Die Qualität des Vertere beruht nicht auf einem ganz bestimmten Schlüssel-Feature, sondern auf nahezu jedem einzelnen Bauteil. Die Konstruktion ist ein kompletter Alleingang, alles daran proprietär, nichts stammt aus irgendeinem vorhandenen Teilebaukasten. Wenn der DG-1S in einer Tradition steht, dann allein in der seines Entwicklers und dessen älterer Werke. Also fangen wir beim Teller an: Nicht schwerer als ein 1210er-Technics-Teller, aber flacher und kompakter – und im Klopftest praktisch komplett resonanzfrei. Diese inhärente Ruhe ist wichtig, denn die Platte wird beim Abspielen mechanisch angeregt. Damit müssen Teller und Matte irgendwie umgehen. Und je nachdem, wie stark und bei welchen Frequenzen sie das vibrierende Vinyl unterstützen oder dämpfen, haben sie auch Einfluss auf Ton und Dynamik der Wiedergabe.

Der Teller des GD-1S besteht aus einem vierlagigen Sandwich: zuunterst eine am Rand elegant abgerundete Lage Kork-Gummi-Gemisch, dann eine dünne Schicht Alu, gefolgt vom eigentlichen Tellerkern aus zehn Millimeter starker Aluminium-„tooling plate“. Dieses Rohmaterial (deutsch: Gussplatte, feingefräst) ist schon vor der Weiterverarbeitung absolut plan und homogen. Den Abschluss bildet eine fest verklebte Auflage aus klarem PET, die rückseitig mit einem coolen Strahlenmuster bedruckt ist.

Diskret ins Muster eingearbeitet sind die Nulldurchgangs-Punkte für den Tonarm. Der Vertere bringt seine eigene Justageschablone also unverlierbar mit. Am Rand des Tellers arbeitet Vertere eine Nut für den Riemen ein, und in der Mitte einen auffallend kleinen Sitz für den Tragkranz der Tellerachse. Auch das Lager selbst ist nicht riesig – muss es auch nicht sein bei 1,4 Kilo Tellergewicht. Dafür poliert Vertere die Stahlachse und die zugehörige Messingbuchse bis an die Grenze des Machbaren und lässt das flache untere Ende der Achse auf einer Kugel aus fast diamanthartem Wolframkarbid rotieren.

Vertere DG-1S von oben
Mit Justageschablone: die Plattenteller-Auflage des DG-1S (Foto: Vertere)

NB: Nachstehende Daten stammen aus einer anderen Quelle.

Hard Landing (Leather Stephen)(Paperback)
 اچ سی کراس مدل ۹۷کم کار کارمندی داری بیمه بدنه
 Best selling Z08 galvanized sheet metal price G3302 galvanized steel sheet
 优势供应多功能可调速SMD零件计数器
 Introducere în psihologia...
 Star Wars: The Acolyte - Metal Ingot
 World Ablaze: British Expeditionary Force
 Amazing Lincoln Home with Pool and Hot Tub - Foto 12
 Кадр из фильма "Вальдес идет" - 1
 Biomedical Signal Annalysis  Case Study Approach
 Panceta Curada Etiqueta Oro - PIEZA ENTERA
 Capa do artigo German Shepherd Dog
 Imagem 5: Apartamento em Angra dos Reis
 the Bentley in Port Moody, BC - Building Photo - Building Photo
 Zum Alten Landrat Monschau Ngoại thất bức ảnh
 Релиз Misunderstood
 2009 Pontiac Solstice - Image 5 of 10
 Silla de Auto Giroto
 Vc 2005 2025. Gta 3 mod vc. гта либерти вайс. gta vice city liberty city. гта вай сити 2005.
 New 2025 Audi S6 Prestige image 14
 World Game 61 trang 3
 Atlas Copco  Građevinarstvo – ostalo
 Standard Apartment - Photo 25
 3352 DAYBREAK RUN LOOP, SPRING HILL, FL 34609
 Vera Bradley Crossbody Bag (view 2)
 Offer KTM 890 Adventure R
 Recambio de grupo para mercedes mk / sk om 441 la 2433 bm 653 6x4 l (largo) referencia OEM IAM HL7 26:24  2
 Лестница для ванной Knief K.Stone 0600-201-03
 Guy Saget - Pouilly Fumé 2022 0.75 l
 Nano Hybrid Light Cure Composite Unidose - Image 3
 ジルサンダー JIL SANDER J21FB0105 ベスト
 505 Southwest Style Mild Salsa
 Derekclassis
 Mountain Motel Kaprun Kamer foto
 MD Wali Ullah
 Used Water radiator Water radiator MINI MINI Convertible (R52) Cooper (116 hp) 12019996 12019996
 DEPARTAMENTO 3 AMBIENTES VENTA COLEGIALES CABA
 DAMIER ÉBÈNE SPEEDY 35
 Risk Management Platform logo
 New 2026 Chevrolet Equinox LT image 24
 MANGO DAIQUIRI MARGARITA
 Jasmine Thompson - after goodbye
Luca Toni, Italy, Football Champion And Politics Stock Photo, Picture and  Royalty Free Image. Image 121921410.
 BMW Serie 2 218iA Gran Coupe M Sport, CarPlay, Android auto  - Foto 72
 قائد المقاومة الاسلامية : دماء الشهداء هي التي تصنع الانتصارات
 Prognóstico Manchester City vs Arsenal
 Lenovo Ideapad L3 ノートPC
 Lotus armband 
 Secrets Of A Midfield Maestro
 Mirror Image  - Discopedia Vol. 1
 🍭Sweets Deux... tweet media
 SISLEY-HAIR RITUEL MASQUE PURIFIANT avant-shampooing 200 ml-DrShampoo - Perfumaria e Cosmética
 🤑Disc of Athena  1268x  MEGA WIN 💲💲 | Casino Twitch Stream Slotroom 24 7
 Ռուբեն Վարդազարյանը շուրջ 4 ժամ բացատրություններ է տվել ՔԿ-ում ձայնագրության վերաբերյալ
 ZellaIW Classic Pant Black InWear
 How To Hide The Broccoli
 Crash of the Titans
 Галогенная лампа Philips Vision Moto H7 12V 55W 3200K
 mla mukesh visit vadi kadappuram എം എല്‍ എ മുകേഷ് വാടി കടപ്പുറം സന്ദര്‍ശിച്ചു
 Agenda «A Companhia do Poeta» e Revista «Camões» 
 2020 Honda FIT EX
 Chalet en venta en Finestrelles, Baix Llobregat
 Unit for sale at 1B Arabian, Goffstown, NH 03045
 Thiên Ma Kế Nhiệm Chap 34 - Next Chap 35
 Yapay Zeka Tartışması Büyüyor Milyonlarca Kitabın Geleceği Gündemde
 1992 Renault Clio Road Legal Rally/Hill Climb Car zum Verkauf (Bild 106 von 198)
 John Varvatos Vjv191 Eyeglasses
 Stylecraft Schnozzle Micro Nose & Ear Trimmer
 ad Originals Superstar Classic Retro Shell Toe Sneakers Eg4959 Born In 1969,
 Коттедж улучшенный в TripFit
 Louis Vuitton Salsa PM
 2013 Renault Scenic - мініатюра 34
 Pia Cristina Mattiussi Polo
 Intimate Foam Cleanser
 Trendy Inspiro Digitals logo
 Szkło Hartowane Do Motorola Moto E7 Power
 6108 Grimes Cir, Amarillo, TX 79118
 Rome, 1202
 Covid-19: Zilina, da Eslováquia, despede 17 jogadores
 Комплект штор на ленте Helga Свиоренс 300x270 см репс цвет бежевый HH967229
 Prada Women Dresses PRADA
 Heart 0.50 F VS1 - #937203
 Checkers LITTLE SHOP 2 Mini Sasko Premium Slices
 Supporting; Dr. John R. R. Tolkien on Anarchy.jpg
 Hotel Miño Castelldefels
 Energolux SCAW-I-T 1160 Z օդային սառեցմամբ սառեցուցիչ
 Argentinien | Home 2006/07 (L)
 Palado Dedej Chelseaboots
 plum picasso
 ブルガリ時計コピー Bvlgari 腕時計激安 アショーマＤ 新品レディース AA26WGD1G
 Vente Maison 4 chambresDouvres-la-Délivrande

Beschleunigt wird der Teller von einem Synchronmotor. Hier hört die Beschreibung bei vielen Spielern schon auf, weil solche Wechselstrom-Treiblinge bereits mit minimalem Aufwand zum Laufen zu bringen sind. Das macht sie seit Jahrzehnten so beliebt: Im einfachsten Fall reichen Netzstrom, ein Kondensator und ein Widerstand, und man hat praktisch bis ans Ende aller Tage eine stabile Rotation. Vertere treibt mechanisch wie elektrisch ungleich höheren Aufwand.

Vertere DG-1S von hinten
Rückansicht: Schon die recht hohen 30 Volt / 1 Ampere, die der Stromversorgungseingang sich vom (mitgelieferten) Steckernetzteil wünscht, lassen auf eine etwas komplexere Motorsteuerung schließen (Foto: Vertere)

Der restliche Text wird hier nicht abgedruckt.